Dataset content:
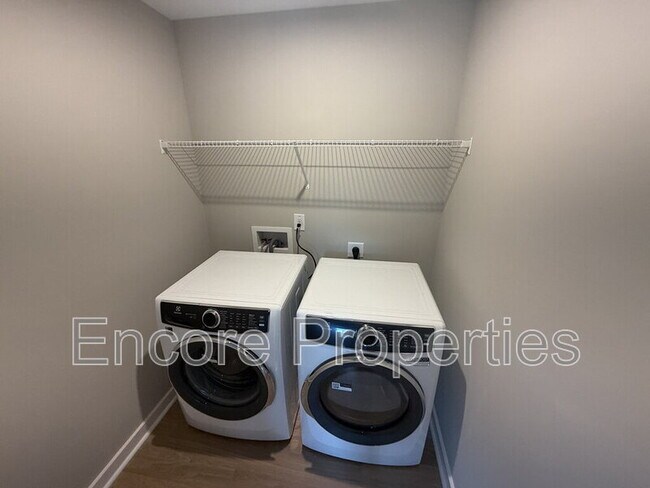 Building Photo - 67 Wandering Wy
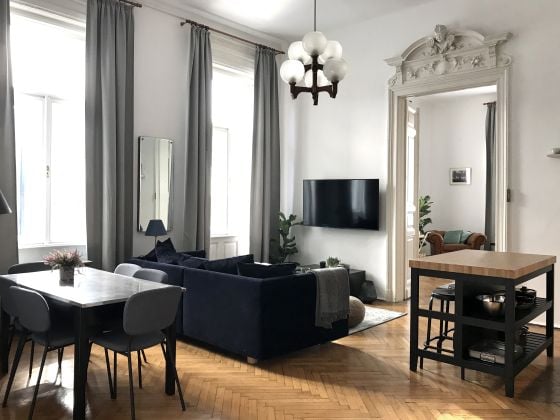  Appartamento completamente ristrutturato con 2 camere da letto e 2 bagni ...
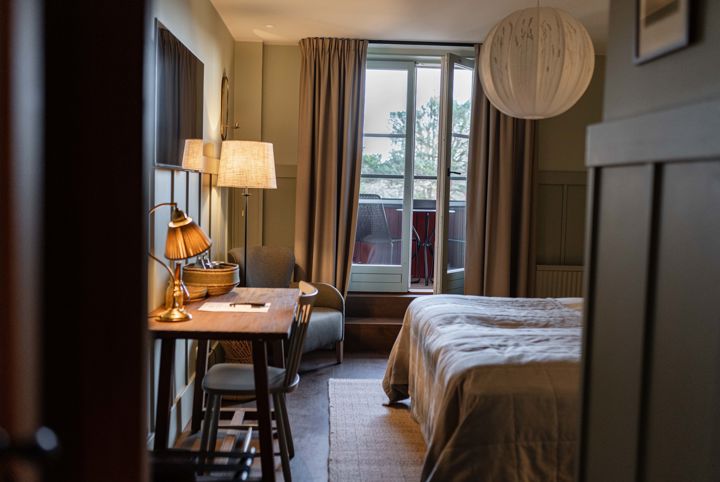 Hotellrum med tillhörande balkong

Your task:
Reproduce the data verbatim and omit each image.

Answer to this problem:
 Building Photo - 67 Wandering Wy
  Appartamento completamente ristrutturato con 2 camere da letto e 2 bagni ...
 Hotellrum med tillhörande balkong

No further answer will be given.